Google goes the other way. Its AI Vulnerability Reward Program, launched in October 2025, pays up to $20,000 (and as much as $30,000 with report-quality multipliers) but explicitly puts “prompt injections, jailbreaks and alignment issues” out of scope, routing them to in-product feedback instead. The bounty pays only for AI bugs with conventional security impact: data exfiltration, model theft, prompt injection that actually breaches a boundary. So OpenAI is not the only lab paying for jailbreaks. It shares that lane with Anthropic and, at smaller dollar amounts, Mozilla’s 0Din ($500 to $15,000 by category). What OpenAI is doing alone is paying specifically for a biosafety universal jailbreak under single-winner, NDA-locked terms.

What does the prompt injection regression from 0.998 to 0.963 mean in agentic deployments?

That 3.5-point drop means roughly 1 in 28 injection attempts succeeds against GPT-5.5 where GPT-5.4 would have blocked it. For an agent chain making 100 tool calls per session, the compound probability of at least one compromised step rises to about 2.5%. The regression looks small in a benchmark table but is material when the model is orchestrating multi-step actions.

Can standard fine-tuning accidentally weaken safety behavior?
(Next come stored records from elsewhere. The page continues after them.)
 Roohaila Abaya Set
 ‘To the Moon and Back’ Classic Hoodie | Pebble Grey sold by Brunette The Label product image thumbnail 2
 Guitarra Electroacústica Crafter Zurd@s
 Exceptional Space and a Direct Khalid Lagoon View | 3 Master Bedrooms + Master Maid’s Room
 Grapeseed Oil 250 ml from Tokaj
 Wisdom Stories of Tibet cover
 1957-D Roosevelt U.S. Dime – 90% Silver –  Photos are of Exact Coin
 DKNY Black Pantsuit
The TTT paper shows that safety bypasses transfer through production fine-tuning APIs without requiring adversarial training data. A developer fine-tuning GPT-5.5 for a legitimate domain task can inadvertently produce a model variant with degraded guardrails. The vulnerability is in the fine-tuning mechanism itself, not in the developer’s intent.
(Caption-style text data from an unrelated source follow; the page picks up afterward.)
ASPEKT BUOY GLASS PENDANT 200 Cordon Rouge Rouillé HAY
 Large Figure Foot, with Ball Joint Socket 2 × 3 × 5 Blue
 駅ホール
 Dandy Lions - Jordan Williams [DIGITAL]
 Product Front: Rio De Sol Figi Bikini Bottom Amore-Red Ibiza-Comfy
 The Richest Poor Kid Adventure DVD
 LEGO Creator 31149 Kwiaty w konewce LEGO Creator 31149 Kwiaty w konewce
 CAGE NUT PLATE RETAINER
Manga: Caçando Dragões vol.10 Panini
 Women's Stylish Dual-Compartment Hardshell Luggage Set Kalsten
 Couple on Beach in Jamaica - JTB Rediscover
Why does the Bio Bounty test only five questions?

OpenAI has not publicly justified the narrow scope. A five-question test set risks certifying safety against a handful of known-dangerous prompts while leaving the long tail of biosafety queries untested. Because the questions are undisclosed, external researchers also cannot verify whether they represent the hardest cases or a curated set the model already handles.